Comissão de Direitos Humanos aprova projeto de autoria da senadora Margareth Buzetti (PSD-MT)

02 de jul de 2025

A senadora Margareth Buzetti: “Nós vamos impedir que um pedófilo ataque outras crianças”

Edição Scriptum com Agência Senado

A Comissão de Direitos Humanos (CDH) aprovou na quarta-feira (2) projeto de autoria da senadora Margareth Buzetti (PSD-MT) que aumenta penas para crimes sexuais cometidos contra pessoas vulneráveis, acelera a concessão de medidas protetivas e garante atendimento psicológico às vítimas. A proposta estabelece pena de reclusão de 10 a 18 anos. Em caso de morte da vítima, o período de prisão poderá chegar a 40 anos. Atualmente, a pena de reclusão é de 8 a 15 anos. O projeto segue para a análise da Comissão de Constituição e Justiça (CCJ).

De acordo com a parlamentar, a iniciativa é uma resposta à gravidade dos crimes sexuais contra crianças, adolescentes, pessoas com deficiência e outros grupos em situação de vulnerabilidade. “Queria chamar muita atenção a esse projeto, nem tanto pelo aumento da pena, mas porque nós vamos impedir que um pedófilo ataque outras crianças. E isso só acontece de duas formas: fazendo com que ele cumpra a pena dentro de um presídio e depois proibindo a circulação dele no meio de crianças, como creches, escolas, clubes ou qualquer outro lugar que tenha crianças”, explica a senadora.

O texto altera trechos do Código Penal, da Lei de Execução Penal, do Estatuto da Criança e do Adolescente (ECA) e do Estatuto da Pessoa com Deficiência. Outras medidas previstas são o uso de tornozeleira eletrônica para condenados por esse tipo de crime, ações educativas nas escolas e igrejas e mais rapidez na retirada de conteúdo ofensivo da internet, independentemente de ordem judicial.
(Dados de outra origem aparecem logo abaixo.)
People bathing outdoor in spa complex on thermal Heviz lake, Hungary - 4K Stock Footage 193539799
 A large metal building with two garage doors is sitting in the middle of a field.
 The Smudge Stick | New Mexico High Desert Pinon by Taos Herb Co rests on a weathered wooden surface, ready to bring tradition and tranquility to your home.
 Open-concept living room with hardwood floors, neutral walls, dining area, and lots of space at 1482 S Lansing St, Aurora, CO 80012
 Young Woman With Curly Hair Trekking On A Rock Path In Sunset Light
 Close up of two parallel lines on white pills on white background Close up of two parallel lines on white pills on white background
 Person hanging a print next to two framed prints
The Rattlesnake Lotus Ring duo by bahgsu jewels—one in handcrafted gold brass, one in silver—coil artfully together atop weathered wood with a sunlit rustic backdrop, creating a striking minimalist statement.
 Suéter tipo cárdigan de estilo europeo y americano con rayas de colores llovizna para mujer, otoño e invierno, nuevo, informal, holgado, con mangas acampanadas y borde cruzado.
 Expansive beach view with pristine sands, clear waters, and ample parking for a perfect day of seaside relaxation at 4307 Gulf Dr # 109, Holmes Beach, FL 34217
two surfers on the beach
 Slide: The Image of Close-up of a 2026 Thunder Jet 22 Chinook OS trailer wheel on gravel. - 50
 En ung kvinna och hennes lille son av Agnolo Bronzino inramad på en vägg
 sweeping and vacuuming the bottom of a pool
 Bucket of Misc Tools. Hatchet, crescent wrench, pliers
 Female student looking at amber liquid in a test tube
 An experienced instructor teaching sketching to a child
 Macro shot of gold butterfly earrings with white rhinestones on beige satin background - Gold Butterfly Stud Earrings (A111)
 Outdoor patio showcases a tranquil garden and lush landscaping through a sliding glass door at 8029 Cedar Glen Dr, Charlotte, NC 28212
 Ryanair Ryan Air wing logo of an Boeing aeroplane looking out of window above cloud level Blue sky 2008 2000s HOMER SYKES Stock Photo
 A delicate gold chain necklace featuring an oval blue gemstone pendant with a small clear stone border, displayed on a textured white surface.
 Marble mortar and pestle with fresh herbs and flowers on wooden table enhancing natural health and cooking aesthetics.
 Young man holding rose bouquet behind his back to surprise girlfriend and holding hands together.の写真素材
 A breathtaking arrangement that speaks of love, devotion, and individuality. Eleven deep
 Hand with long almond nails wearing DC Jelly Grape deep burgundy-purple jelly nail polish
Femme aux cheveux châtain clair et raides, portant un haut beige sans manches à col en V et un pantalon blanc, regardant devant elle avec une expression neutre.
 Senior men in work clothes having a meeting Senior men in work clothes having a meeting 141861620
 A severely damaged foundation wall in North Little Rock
Conforme o projeto, o juiz poderá aplicar medidas de proteção logo no início da investigação, como o afastamento do agressor e a proibição de contato com a vítima, além do monitoramento eletrônico. A proposta determina que agressores condenados por crime sexual só terão acesso a benefícios (como progressão de regime ou saída da prisão) se um exame mostrar que não há risco de eles cometerem o mesmo tipo de crime novamente. Também determina que os profissionais que trabalham com crianças ou pessoas com deficiência e forem acusados de violência poderão ser proibidos de exercer essa função já durante a investigação.

O texto prevê, ainda, que escolas, igrejas e entidades sociais promovam campanhas educativas sobre prevenção à violência sexual, com divulgação de canais de denúncia.